Dominada por estos pensamientos, abandonó el lugar y paseó por el bosque, en el que la música lejana conmovió su mente melancólica. La luna lanzaba una luz amarilla entre las hojas y el aire era suave y fresco. Emily, perdida en sus pensamientos, siguió caminando, sin fijarse por dónde, hasta que advirtió que los sonidos se alejaban y se vio envuelta en el silencio que la rodeaba, roto a veces, únicamente por el ruiseñor.
Notas fluidas que cierran los ojos del día.
Poco después, se encontró en la avenida, en la que, en la noche de la llegada con su padre, Michael había intentado cruzar en busca de una casa, y que estaba tan abandonada y desolada como entonces, ya que el conde había estado demasiado ocupado en dirigir otras mejoras y había desistido de dar órdenes para que arreglaran aquella zona en la que el camino estaba medio destruido y los árboles lo cubrían en abundancia.
Según lo contemplaba y revivía las emociones que había sentido allí anteriormente, recordó de pronto la figura que se había deslizado entre los árboles y que no atendió a las repetidas llamadas de Michael. Sintió una especie de miedo, porque no parecía improbable que aquellos bosques profundos sirvieran ocasionalmente de refugio a los bandidos. En consecuencia, se dio la vuelta y corría ya en su regreso junto a los bailarines, cuando oyó pasos que se aproximaban por la avenida. Al darse cuenta de que estaba demasiado lejos, pues no oía las voces ni la música de los campesinos, aceleró el paso, pero las personas que la seguían se le acercaron. Distinguió por fin la voz de Henri. Se detuvo hasta que apareció. Él manifestó su sorpresa al encontrársela tan lejos de todos, y cuando le indicó que la luna la había engañado para alejarse más de lo que se proponía, una exclamación que salió de los labios de su compañero le hizo creer que era Valancourt el que hablaba. ¡Y era él, verdaderamente! Su encuentro fue como puede ser imaginado entre personas tan afectuosas y que llevaban tanto tiempo separados como ellos.

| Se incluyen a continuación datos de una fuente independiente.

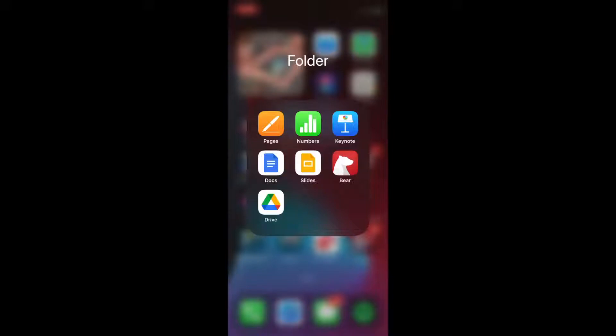Now, the first thing you're going to want to do is to make sure you have all the necessary apps already downloaded to your phone. So in this case, we want the app called Google Drive, as you can see in the bottom left of the screen, already on your phone.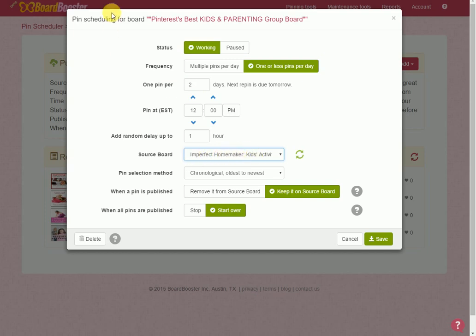So you've probably heard that you need to be pinning to group boards, but the question is always how in the world do I remember to go in and pin and remember what I've pinned to what board and when I pinned it there. If you take the time to set up this sourcing, you don't ever have to remember any of that again.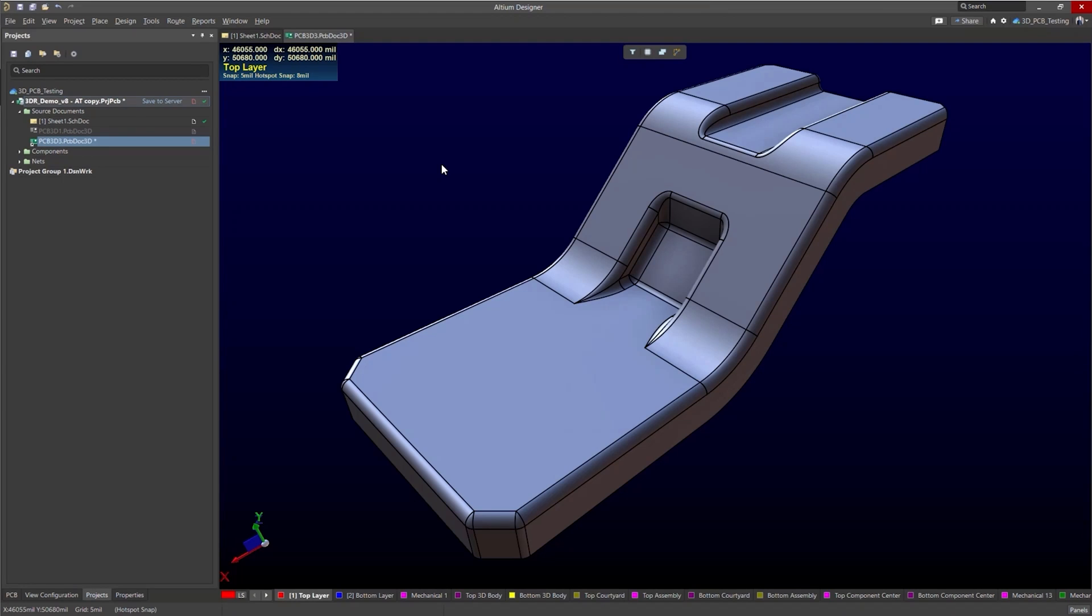Hello and welcome. My name is Alexander and in this video we're going to go over the 3D MID capabilities in Altium Designer.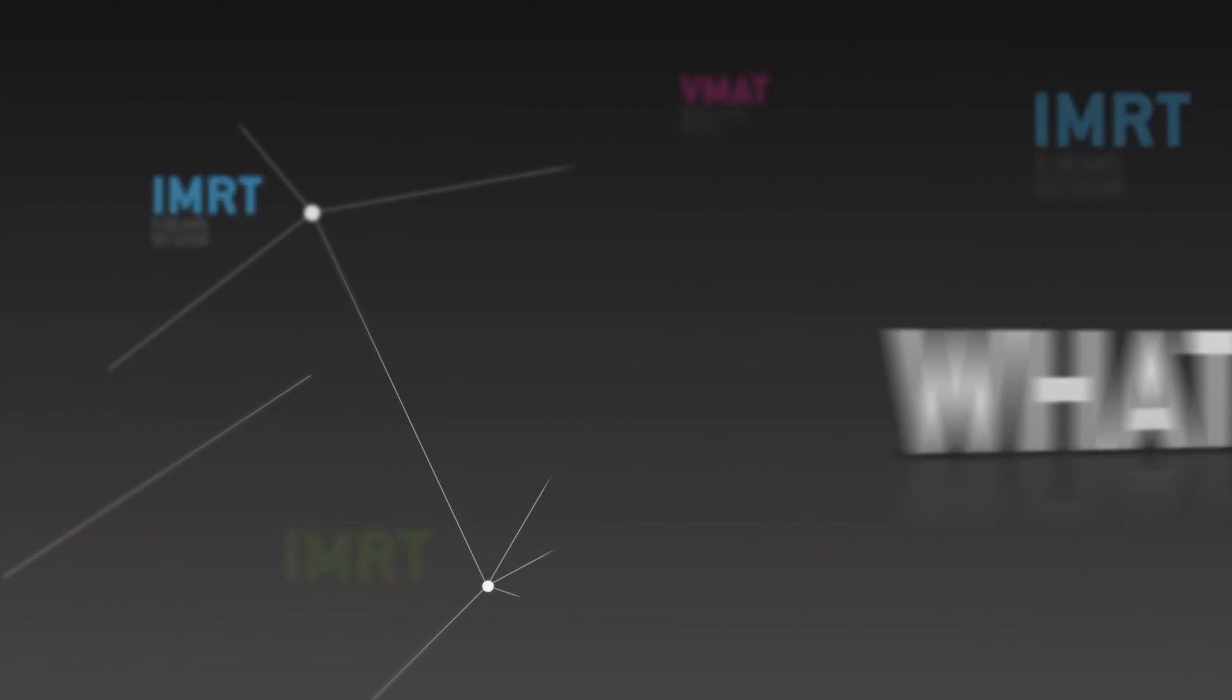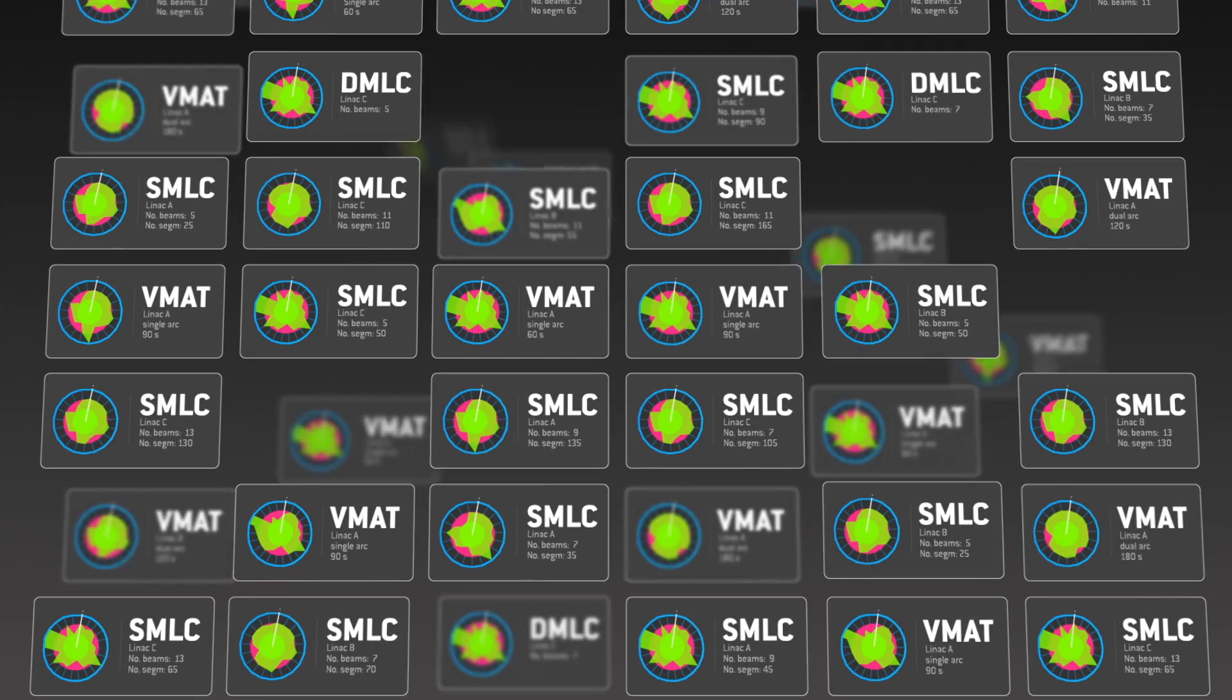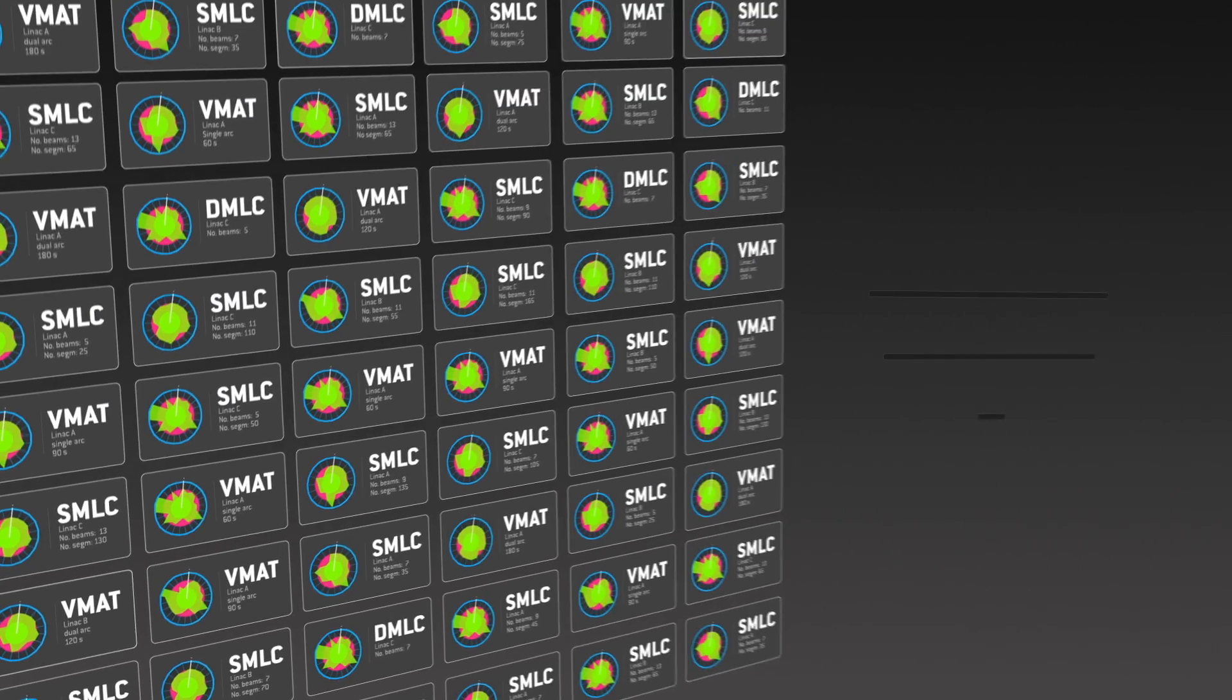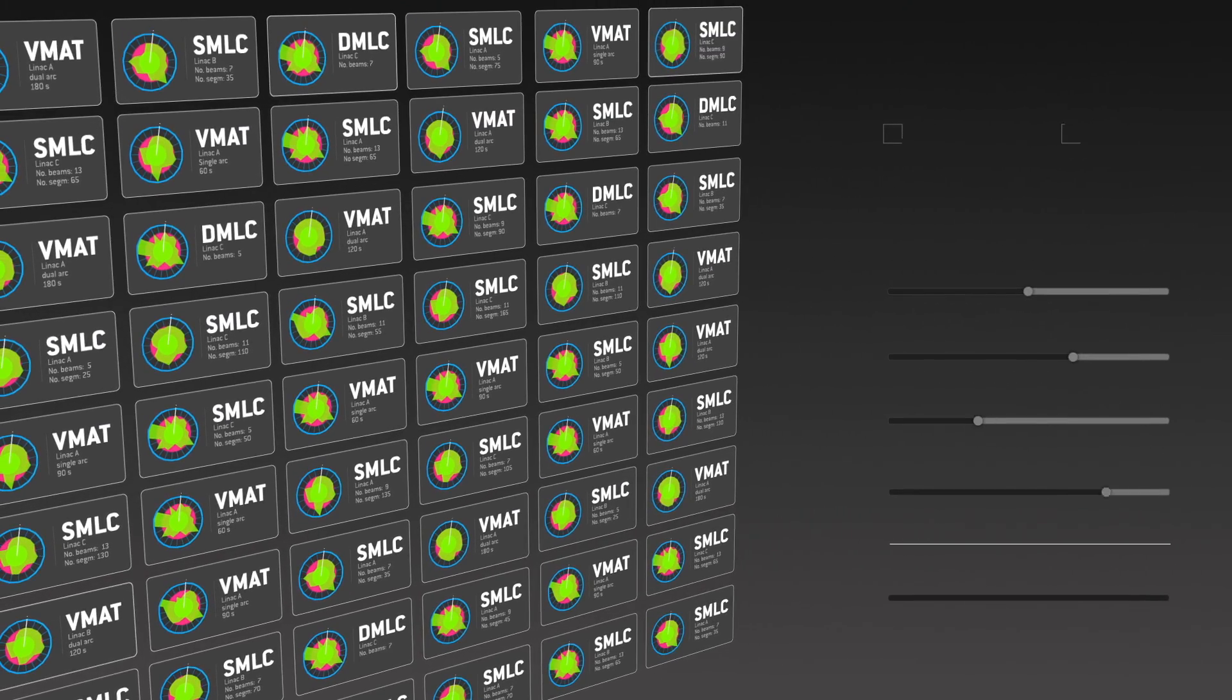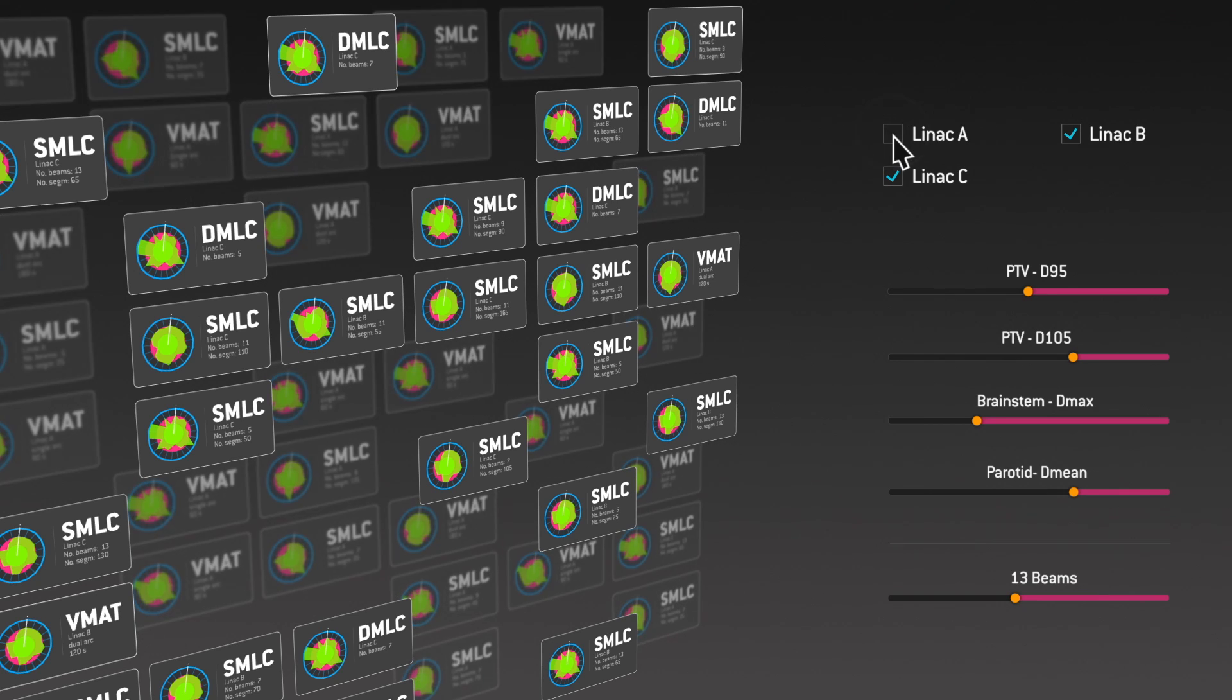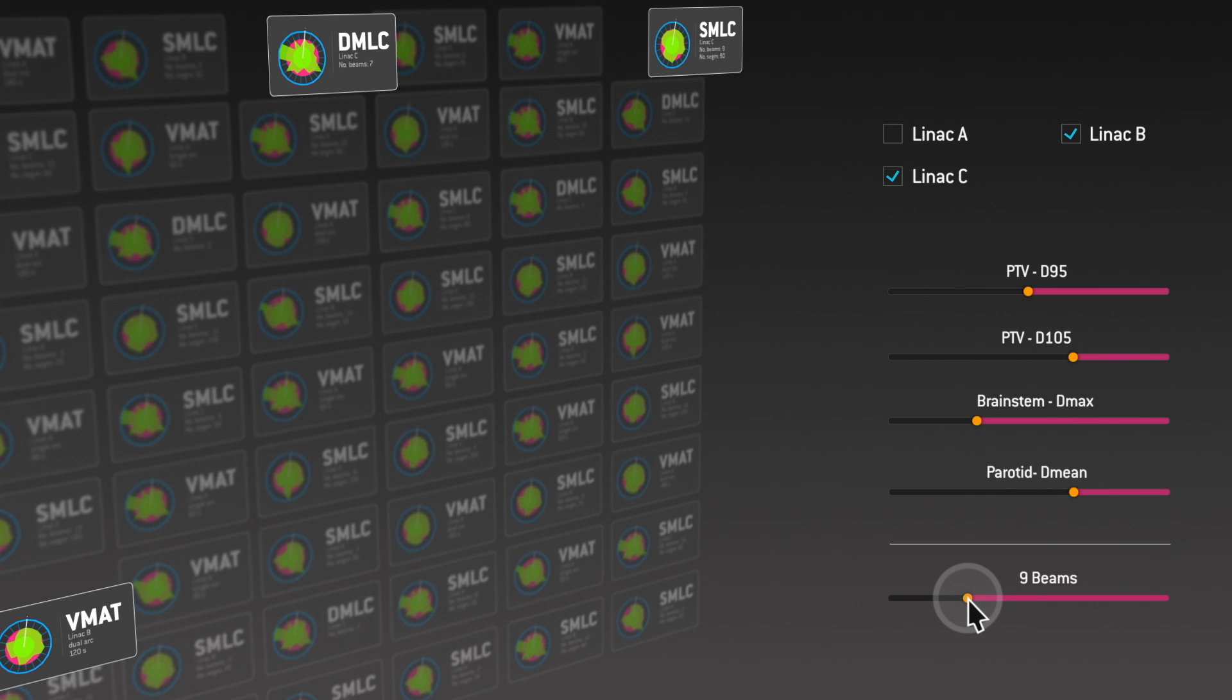This is Plan Explorer. It automatically generates a large number of plans for defined clinical goals and combinations of treatment techniques and machines. You can then filter the plans based on the fulfillment of clinical criteria and delivery efficiency considerations to find the most desired candidates.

Con la alegría de aquellos momentos, Emily olvidó todos los sufrimientos pasados, y Valancourt, por su parte, pareció ignorar que existiera otra persona que no fuera Emily, mientras Henri fue espectador silencioso y sorprendido de la escena.
Valancourt hizo mil preguntas, relativas a ella y a Montoni, que no era el momento de contestar, y Emily supo que su carta le había sido reenviada a París, ciudad que ya había abandonado para volver a Gascuña, donde regresó la carta, que finalmente le informó de la llegada de Emily. De inmediato se encaminó al Languedoc. En el monasterio, donde ella había fechado la carta, comprobó con gran contrariedad que ya habían cerrado las puertas para toda la noche, y creyendo que no vería a Emily hasta la mañana siguiente, regresaba a la posada con intención de escribirle, cuando se encontró con Henri, al que había conocido en París, que le condujo hasta ella cuando pensaba y se lamentaba secretamente de que no la vería hasta el día siguiente.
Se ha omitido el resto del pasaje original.